#### EXERCISE OBJECTIVE:
Look below for the line that has "Snapshot of goddesemiiyy". Set down the lines from there through the line that has "MERCEDES-BENZ 313-image-1", exactly as written.

#### Dataset items:
"""

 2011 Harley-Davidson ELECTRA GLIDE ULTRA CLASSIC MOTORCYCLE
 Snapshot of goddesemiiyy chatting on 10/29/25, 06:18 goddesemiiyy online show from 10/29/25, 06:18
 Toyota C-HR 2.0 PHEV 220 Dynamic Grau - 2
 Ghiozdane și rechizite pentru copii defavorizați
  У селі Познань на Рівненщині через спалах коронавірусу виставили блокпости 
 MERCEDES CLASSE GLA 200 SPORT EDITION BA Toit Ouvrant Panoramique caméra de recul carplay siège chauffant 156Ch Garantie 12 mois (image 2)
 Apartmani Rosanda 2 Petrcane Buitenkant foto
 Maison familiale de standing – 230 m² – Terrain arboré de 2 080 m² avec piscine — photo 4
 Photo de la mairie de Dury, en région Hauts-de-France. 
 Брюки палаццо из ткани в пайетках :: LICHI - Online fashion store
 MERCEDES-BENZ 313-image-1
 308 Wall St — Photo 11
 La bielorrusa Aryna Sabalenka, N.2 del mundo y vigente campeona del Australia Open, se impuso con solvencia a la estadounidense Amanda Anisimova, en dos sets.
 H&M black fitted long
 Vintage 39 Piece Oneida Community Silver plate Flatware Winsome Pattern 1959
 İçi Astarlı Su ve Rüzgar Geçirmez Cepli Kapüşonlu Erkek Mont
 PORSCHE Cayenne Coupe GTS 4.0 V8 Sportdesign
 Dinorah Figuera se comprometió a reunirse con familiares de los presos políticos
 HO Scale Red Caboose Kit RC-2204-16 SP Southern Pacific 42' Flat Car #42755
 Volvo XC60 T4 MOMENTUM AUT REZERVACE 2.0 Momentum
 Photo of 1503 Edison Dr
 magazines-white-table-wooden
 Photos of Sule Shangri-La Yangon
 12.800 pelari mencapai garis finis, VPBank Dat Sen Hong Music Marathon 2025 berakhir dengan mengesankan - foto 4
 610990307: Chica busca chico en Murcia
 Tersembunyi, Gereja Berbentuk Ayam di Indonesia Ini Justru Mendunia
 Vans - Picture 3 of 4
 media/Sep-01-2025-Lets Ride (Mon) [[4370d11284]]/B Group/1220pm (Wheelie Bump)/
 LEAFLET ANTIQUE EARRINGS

"""

#### REPLY TO THE TASK:
 Snapshot of goddesemiiyy chatting on 10/29/25, 06:18 goddesemiiyy online show from 10/29/25, 06:18
 Toyota C-HR 2.0 PHEV 220 Dynamic Grau - 2
 Ghiozdane și rechizite pentru copii defavorizați
  У селі Познань на Рівненщині через спалах коронавірусу виставили блокпости 
 MERCEDES CLASSE GLA 200 SPORT EDITION BA Toit Ouvrant Panoramique caméra de recul carplay siège chauffant 156Ch Garantie 12 mois (image 2)
 Apartmani Rosanda 2 Petrcane Buitenkant foto
 Maison familiale de standing – 230 m² – Terrain arboré de 2 080 m² avec piscine — photo 4
 Photo de la mairie de Dury, en région Hauts-de-France. 
 Брюки палаццо из ткани в пайетках :: LICHI - Online fashion store
 MERCEDES-BENZ 313-image-1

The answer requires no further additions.